#### Task item
Every line of the material needs an exact copy, apart from the images.

--- Given material Enclosed Below ---

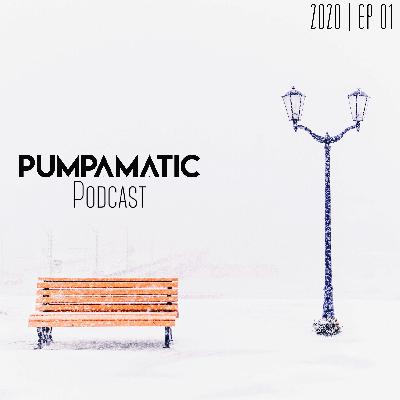 Pumpamatic Podcast 2020 | EP 01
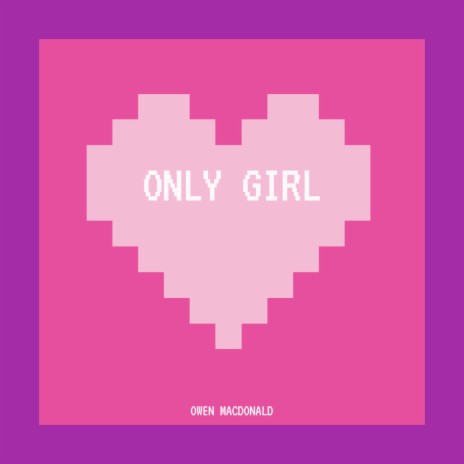Only Girl | Boomplay Music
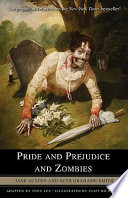 Pride and Prejudice and zombies : the graphic novel /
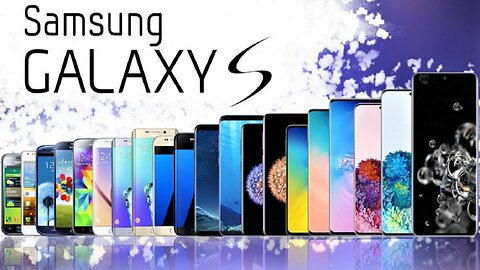 Evolution Samsung Galaxy S Series || Evolution of Samsung Galaxy S Series || Samsung Galaxy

--- End of Enclosed Given material ---

#### Task answer
 Pumpamatic Podcast 2020 | EP 01
Only Girl | Boomplay Music
 Pride and Prejudice and zombies : the graphic novel /
 Evolution Samsung Galaxy S Series || Evolution of Samsung Galaxy S Series || Samsung Galaxy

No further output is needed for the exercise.